Why would microbes sense other microbes? Quorum sensing provides microbes with a means to sense how much competition there might be for resources and to regulate their activity accordingly. In some ways, it is a type of cooperation, but it also benefits each individual microbe to sense whether it is alone or not. For example, if there is intense competition for resources, it might be better to use less energy and become more inactive. An example is to be found in the microbe P. aeruginosa, which can live as individual cells, but at a certain concentration of cells, they form a structured biofilm which can allow them to be more resistant to environmental extremes. Quorum sensing is mediated by organic molecules such as very small chains of amino acids (peptides). The prokaryotic ability to engage in rudimentary forms of communication shows us that interactions between cells and complex social dynamics are not just the preserve of multicelled eukaryotes, but communication can also modify and shape prokaryotic populations.

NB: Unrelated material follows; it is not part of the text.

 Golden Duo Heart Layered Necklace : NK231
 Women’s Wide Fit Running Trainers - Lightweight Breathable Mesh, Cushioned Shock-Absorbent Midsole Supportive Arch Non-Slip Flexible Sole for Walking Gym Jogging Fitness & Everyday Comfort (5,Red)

5.11.3 “Multicellularity” in Prokaryotes and Single-Celled Eukaryotes
Prokaryotic cells, and some eukaryotic cells such as certain amoeba, are often described using the term “single-celled” to differentiate them from so-called “multicellular” organisms. I have used these terms in many places in this textbook. It is important to gain some clarity on the use of these terms. In animals and plants, multicellularity refers to the fact that the cells are permanently differentiated, such as, for example, into liver or skin cells. Although each cell generally has a full genome that contains all the information required to make any cell, once cells differentiate into particular types, they tend to stay that way. Furthermore, often cells are dependent on other cells for their continuation. Except in a laboratory, a liver cell, for example, cannot exist in the natural environment on its own, although some cells, such as stem cells, or cuttings from plants, can be used to make a new organism.

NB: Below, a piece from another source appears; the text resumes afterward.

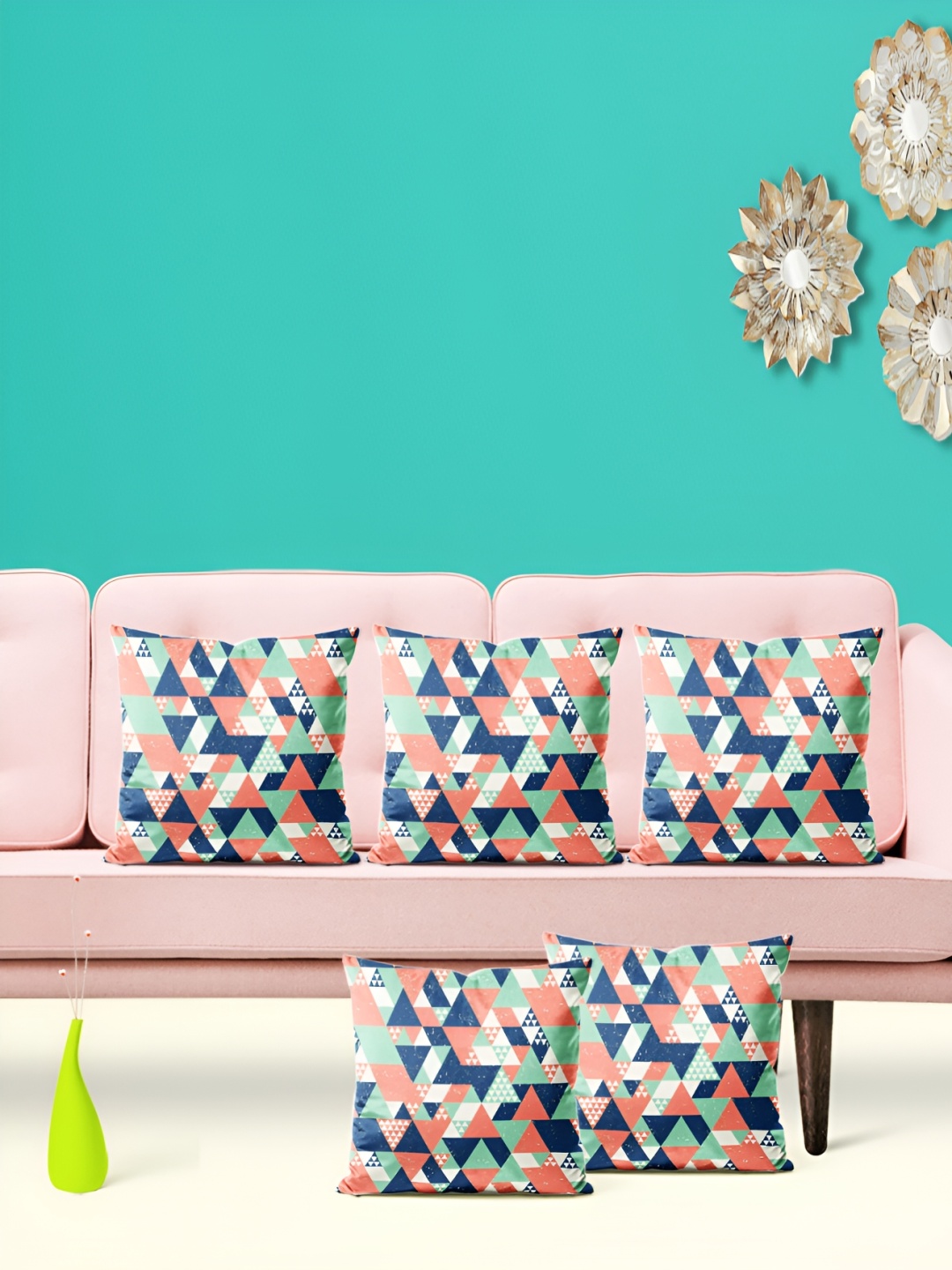 

ArtzFolio Green & Blue 5 Pieces Geometric Printed Square Cushion Covers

However, the terms “single-celled” and “multi-celled” hide the fact that there are many intermediate states. For example, prokaryotes can exhibit a form of multicellularity in that single cells come together to form multicellular structures. For example, different prokaryotes that carry out different metabolisms can come together to form a microbial mat or biofilm, in which each microbe performs a chemical transformation linked to other organisms in the mat. This is explored in greater detail in the next chapter when we see how energy demands in the environment often encourage these associations. The difference between this structure and many plant or animal multicellular eukaryotic cells is that the mat can be dispersed, and the cells can continue to exist as independent entities.
Other remarkable multicellular behaviors are observed in some organisms, such as in slime molds, which are eukaryotic single-celled organisms (Figure 5.25). Cellular slime molds include a wide diversity of species, one of the most common being Physarum polycephalum, which often forms a slimy yellow mass on forest logs. Slime molds exist as single amoeba-like cells that feed on bacteria. The cells are haploid, but can mate with other cells to form a plasmodium, a large mass of nuclei enclosed in a large cell membrane that can reach meters in diameter. The plasmodia form protoplasmic streams that can move rapidly out across the environment in search of food. When food is scarce, the plasmodia contract, and the cells transform into fruiting bodies, another type of cell structure. These bodies are sporangia (singular sporangium) and they mature and release spores that can be blown in the wind to more favorable conditions.
Figure 5.25 Slime molds adopt multicellular structures. (a) Slime mold showing coordinated movement across surfaces.